すうすうと寝息を立てるファウストの脈を測り、そのまま治癒魔法で軽く止血。急所はわざと狙わなかったものの、彼の身体にはたくさんの傷口ができ、血液でひたすらに黒く黒く染めあげていた。
魔法を使いゆっくりと抱き上げると、寒空の下温かな温もりを感じる。少しだけ力を入れれば、初めて白衣に赤いシミがついた。

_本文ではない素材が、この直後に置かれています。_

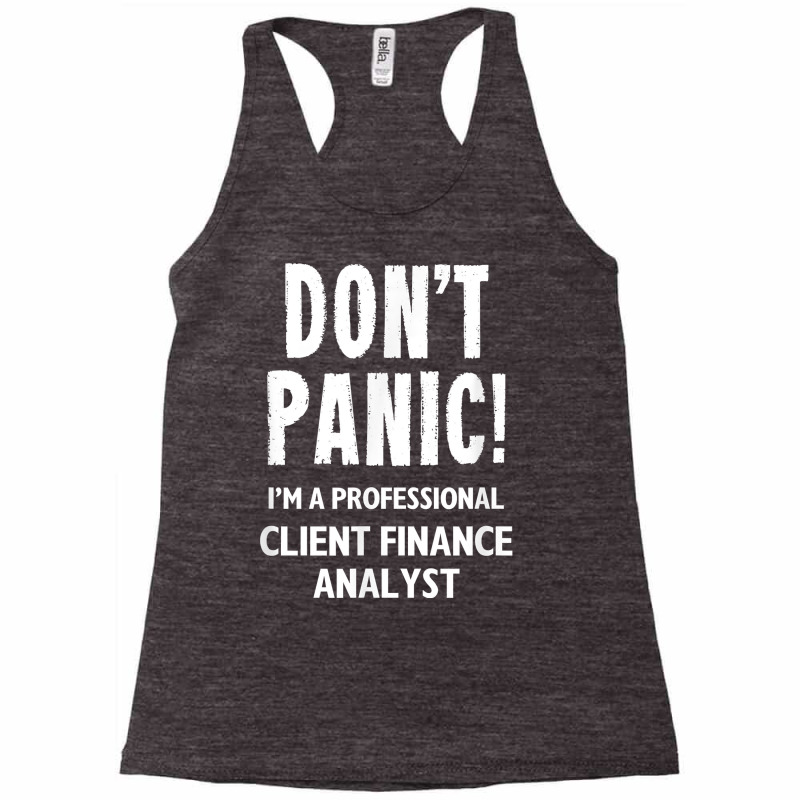 Client Finance Analyst T Shirt Racerback Tank by latodorjnb | Artistshot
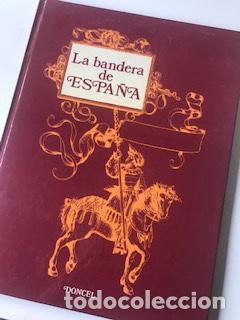 Libros de segunda mano: LA BANDERA DE ESPA&Ntilde;A, JOS&Eacute; LUIS DE AZUCARADA - Foto 1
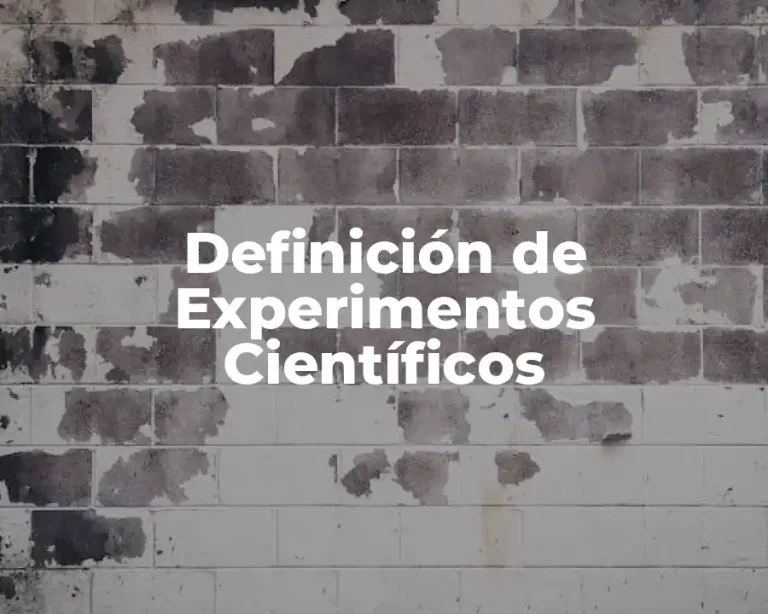 Definición de Experimentos Científicos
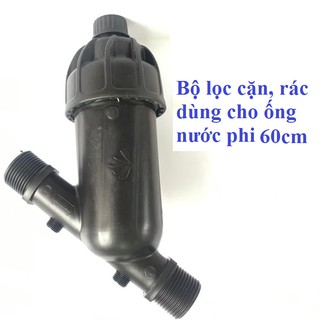 Bộ lọc phi 60 dùng cho ống 60mm, dùng lọc cặn rác cho hệ thống nước sạch, hệ thống phun sương, tưới  tự động.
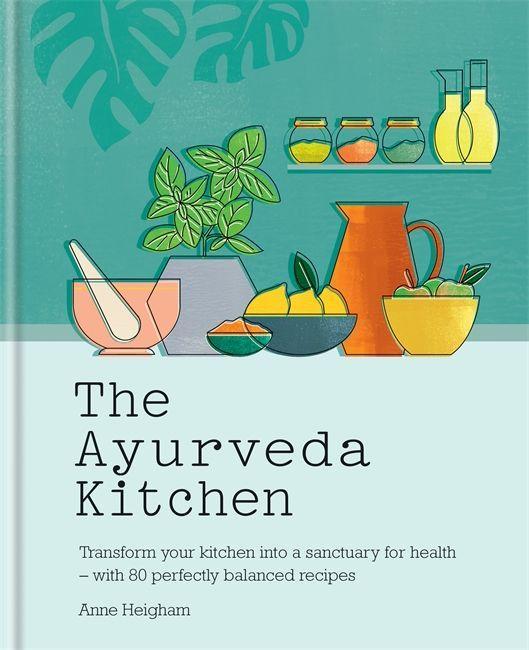Книга Ayurveda Kitchen Anne Heigham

首筋の赤い線を消し、頬を撫でながら白い肌の傷を癒していく。背中は優しく叩けば傷口が塞がっていき、そっと手を繋げば赤黒くなった指先が白に戻っていく。
「やりすぎちゃったな……」
強くなりたい。その思いに応えるためには、どうしたらいいのだろうか。これでいいのだろうか。嬉しい気持ちの反面、答えが見えないことへの焦りもある。
「……ガロ……様……」
「ああ、起きちゃったか」
ひくひくと動く瞼をそっと人差し指で撫でて、柔らかな髪をそっと撫でる。こびりついたねっとりした血液を取り除きながら、もう一度、白い顔の頬へそっと手を当てる
何か答えようと口元を震えるファウストは、再び意識を鎮めていった。
「もう休んだ方がいい。……ごめんね、無理をさせて」
フィガロは優しく笑いながら、彼の顔にかかるくせっ毛を指先でよけていく。
優しげに微笑みながら眠る彼に。
なぜだろう、無性に泣きたくなった。